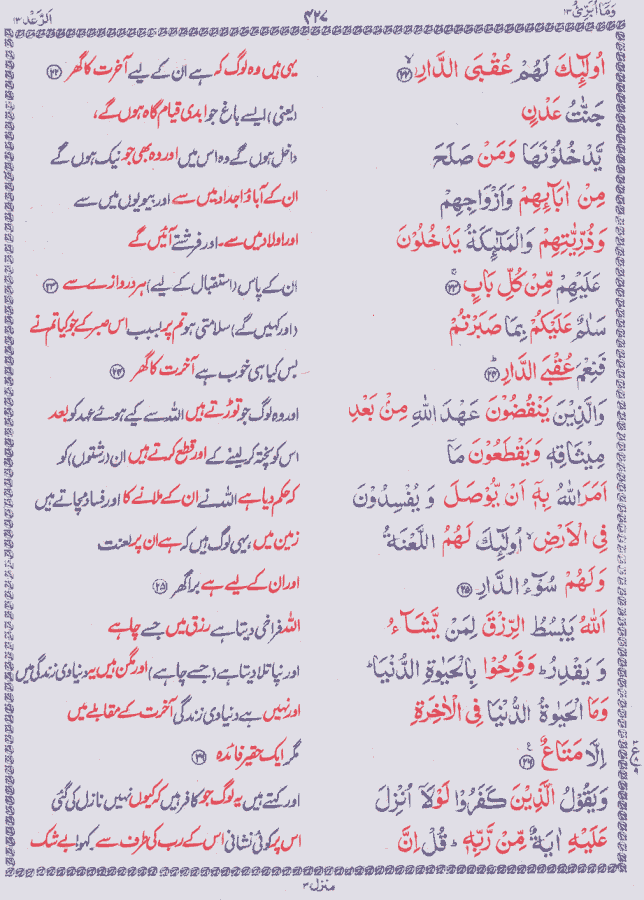 Quran Shareef Para # 13 P0427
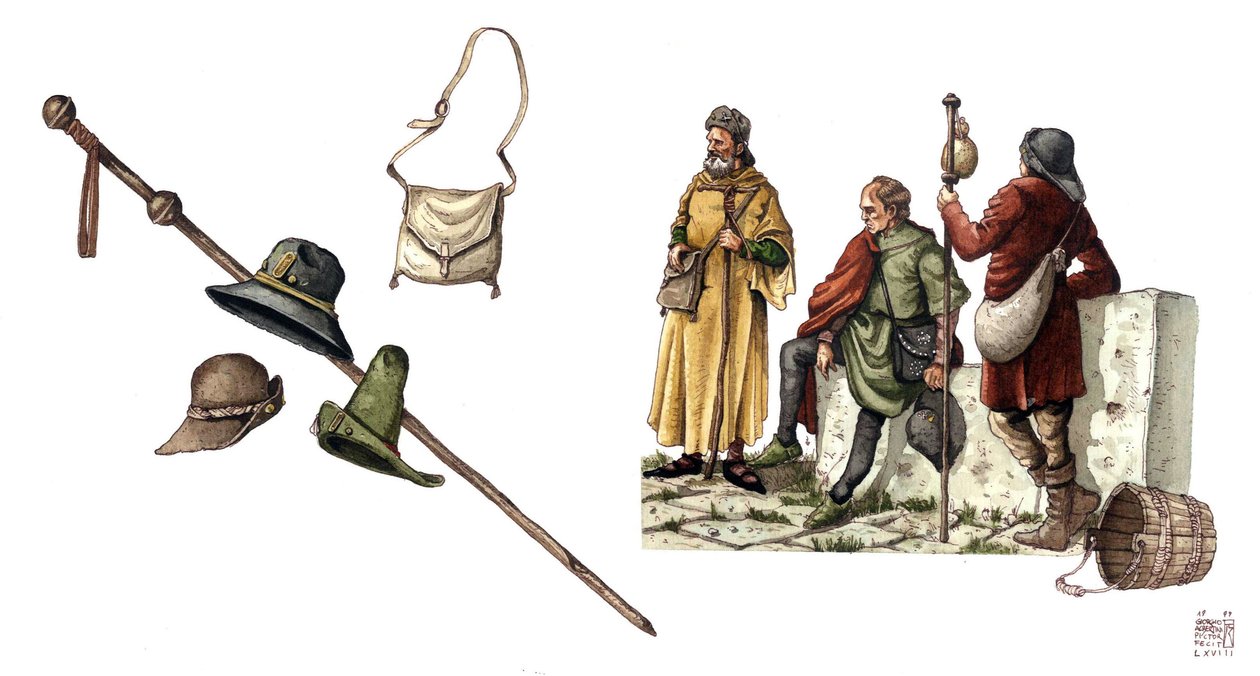 Moda medieval: traje pelerino entre los siglos XII y XIV, bolso, sombreros, bastón, túnicas. de Giorgio Albertini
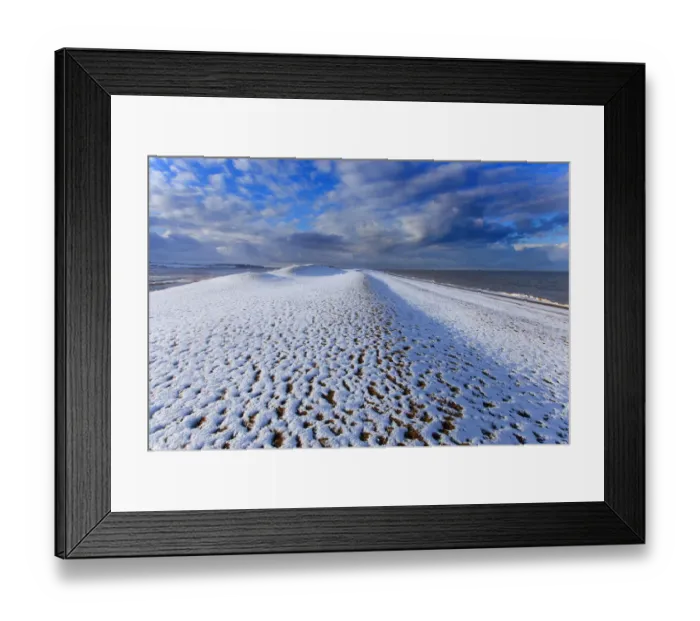 Framed Print : Cley Beach covered in snow, Norfolk. England, UK, January Framed Print : Cley Beach covered in snow, Norfolk. England, UK, January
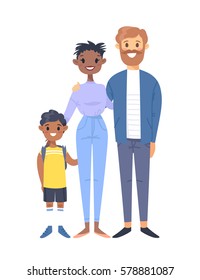 Young couple with son. Hand drawn black woman, white man and his boy. Flat style vector illustration family. Cartoon characters isolated on white background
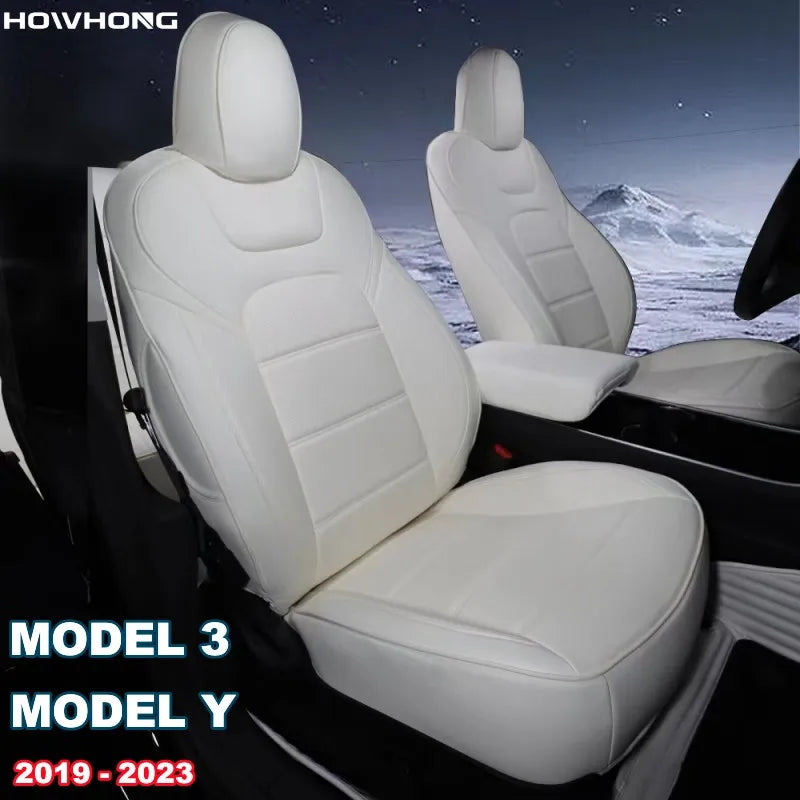 For Tesla Model 3 Y 2017 - 2025 Car Seats Cover Nappa Leather Full Surround Style Factory Wholesale Price Interior Accessories CM World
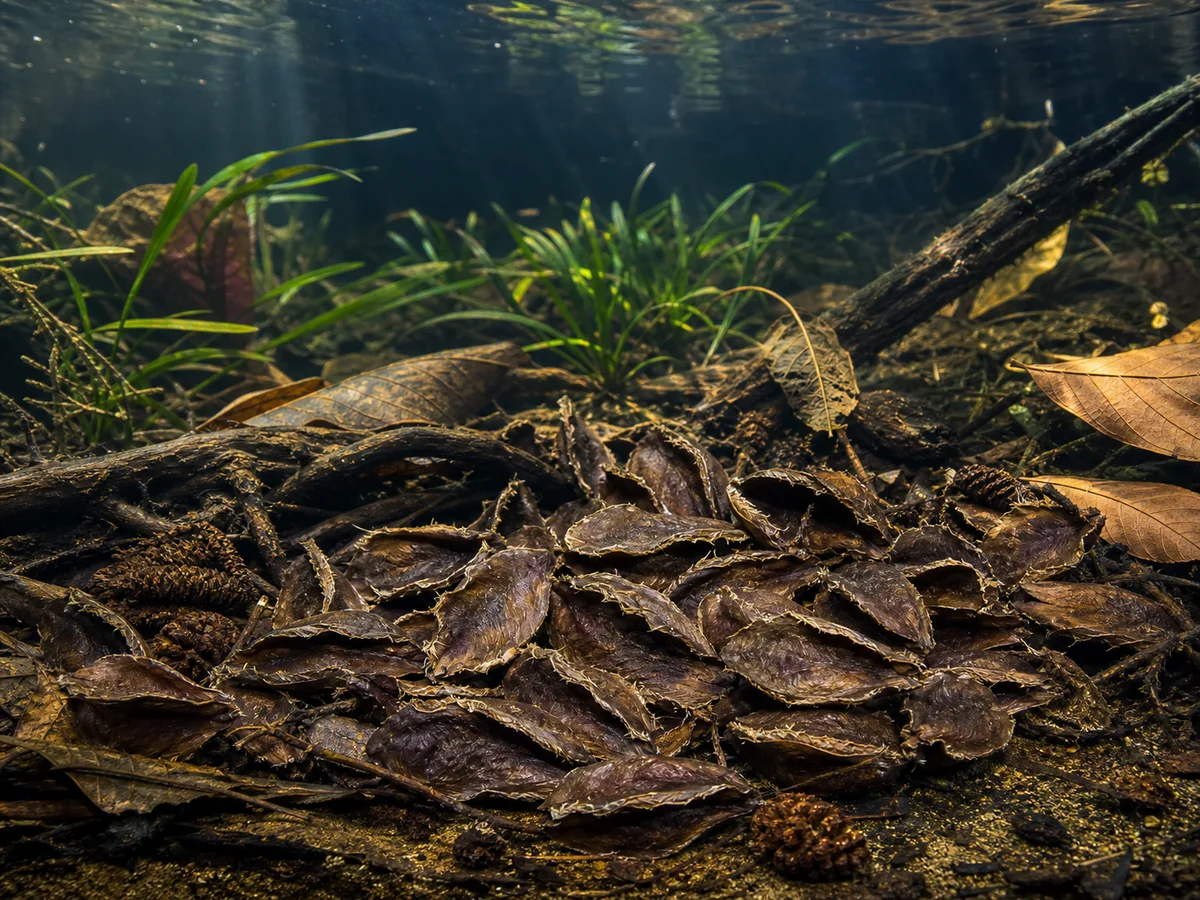 Mature botanical freshwater aquarium with Arjuna Pods, leaves and wood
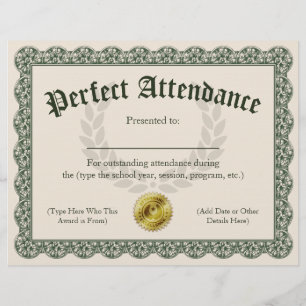 Papier Certificat d'assiduité parfait personnalisable 8,5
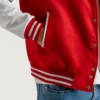 Red and white varsity letterman jacket 1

__Work request__: Beginning at the line that contains "Mature botanical freshwater", give the remaining lines of the records again exactly, through the last one. Leave out pictures.

__Exercise answer__:
 Mature botanical freshwater aquarium with Arjuna Pods, leaves and wood
 Papier Certificat d'assiduité parfait personnalisable 8,5
 Red and white varsity letterman jacket 1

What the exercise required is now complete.